My point being that feature-length adaptations of short-format subjects tend to run the gamut from terrible to “Meh,” and a good one is very, very, very rare. So, naturally, I was pretty hesitant about this Phineas and Ferb thing. Their forays outside their format - such as their Christmas Special - just really didn’t work, soooo, y’know, low expectations. I figured a few good lines, maybe a funny song, maybe one good slapstick action sequence, and an hour or so of padding.

Man, was I wrong!

By the climax of the film, all my kids were exclaiming stuff like “This is the best thing they’ve ever done!” and I was totally alongside them in that. This really *is* the best thing P&F have ever done.

Ordinarily I’d digress into a lengthy-yet-humorous explanation of what the series is about for the benefits of all the hippie freakshows and reprobates who *don’t* watch cartoons after age 30, but I’ve got carpal tunnel really bad, so just go here if you want to come up to speed

Suffice to say that the show is the tightest, funniest, most rigid-yet-flexible thing Disney’s ever done, and it is freakin’ awesome, far and away the funniest and smartest show on TV right now, and that includes live action stuff. The film continues that tradition and even raises the bar some.

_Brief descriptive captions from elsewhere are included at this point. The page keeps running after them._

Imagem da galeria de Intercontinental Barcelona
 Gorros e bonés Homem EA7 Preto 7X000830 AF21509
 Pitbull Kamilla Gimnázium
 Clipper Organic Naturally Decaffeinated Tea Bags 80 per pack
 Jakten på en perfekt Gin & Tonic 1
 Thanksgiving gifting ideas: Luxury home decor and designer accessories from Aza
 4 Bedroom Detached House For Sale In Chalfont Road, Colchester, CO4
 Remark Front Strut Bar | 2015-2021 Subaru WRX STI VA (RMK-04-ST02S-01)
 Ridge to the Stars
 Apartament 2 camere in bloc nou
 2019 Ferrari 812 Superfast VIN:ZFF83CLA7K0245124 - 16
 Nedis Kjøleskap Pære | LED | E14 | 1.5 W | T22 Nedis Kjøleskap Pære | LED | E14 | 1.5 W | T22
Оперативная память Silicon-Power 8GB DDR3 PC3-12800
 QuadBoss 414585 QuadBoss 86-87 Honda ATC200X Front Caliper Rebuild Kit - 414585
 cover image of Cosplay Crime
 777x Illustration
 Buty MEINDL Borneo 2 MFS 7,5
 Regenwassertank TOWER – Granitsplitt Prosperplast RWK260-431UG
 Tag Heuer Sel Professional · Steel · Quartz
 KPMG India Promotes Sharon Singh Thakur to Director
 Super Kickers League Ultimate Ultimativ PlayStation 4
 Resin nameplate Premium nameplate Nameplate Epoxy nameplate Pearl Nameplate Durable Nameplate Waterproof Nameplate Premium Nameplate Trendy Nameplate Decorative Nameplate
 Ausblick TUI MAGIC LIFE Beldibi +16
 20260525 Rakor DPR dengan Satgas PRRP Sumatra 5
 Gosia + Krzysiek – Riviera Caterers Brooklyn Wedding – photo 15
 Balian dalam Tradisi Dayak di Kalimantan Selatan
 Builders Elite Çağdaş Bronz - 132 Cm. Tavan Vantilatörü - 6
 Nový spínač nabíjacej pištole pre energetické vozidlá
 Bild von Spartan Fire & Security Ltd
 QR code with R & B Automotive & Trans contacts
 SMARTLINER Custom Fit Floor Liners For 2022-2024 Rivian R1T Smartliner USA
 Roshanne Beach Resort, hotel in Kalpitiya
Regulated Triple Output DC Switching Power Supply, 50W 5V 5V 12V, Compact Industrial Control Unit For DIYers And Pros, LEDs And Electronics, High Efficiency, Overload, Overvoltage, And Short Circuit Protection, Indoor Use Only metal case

I’m not going to go into great detail about the story, suffice to say that the kids and Perry end up in an alternate dimension where Professor Doofenschmirtz’s plans for urban domination have been vastly more successful. Hilarity (And some good action sequences) ensue, but the real prize here is the look at alternate-world versions of our characters: Isabella and the Firefly Girls as the resistance (With bandoliers full of bullets, rather than their usual girl scout patch sashes), Candace as a surprisingly kickass and serviceable heroine, Doof as a competent and somewhat cavalier villain, and so on. The interaction between these character and their better (And occasionally worse) selves is priceless and funny.

As always, it involves a lot of SF themes and Spy-Fi stuff.

For pathos, we get a significant subplot about Perry having to say goodbye to the boys forever once they find out his secret and his cover is blown. It is surprisingly moving for a comedy film (well, ok, it’s not moving, but it’s deeper than it needs to be, which is, of course, the secret of this whole series: it’s smarter than it needs to be). And we actually get to see Phineas *angry* which is strangely satisfying.

There are just a zillion great in-jokes and references: Star Wars Rescue of Princess Lea, Batman, Star Trek’s “Mirror Mirror,” the Terminator, all the obvious tropes and homages are there, but there’s so many of ‘em, and they’re flying by so quickly that I’m sure there were a lot I missed, and many more that I simply didn’t get. There’s even an out-of-nowhere Red Dawn nod that had me laughing uncontrollably for so long I missed the next several lines of dialog.

There’s also a ton of interior continuity, cameos, and in-jokes about the series itself. Past gadgets galore. Ever wonder where the Baby Heads come from? You’ll find out. What about the place that Doof’s transported cars go to? We see more of that.

It is just great, great, great stuff, great enough to function as a series finale, but, best of all: It isn’t! The series continues. I can not recommend this highly enough.


It’s family friendly, adventurous, funny, the pure-of-heart good guys overcome the evil bad guys, an oppressive dictatorship is overthrown, the bad guys are forced to pay for their crimes against humanity, I mean, really, what’s not to like?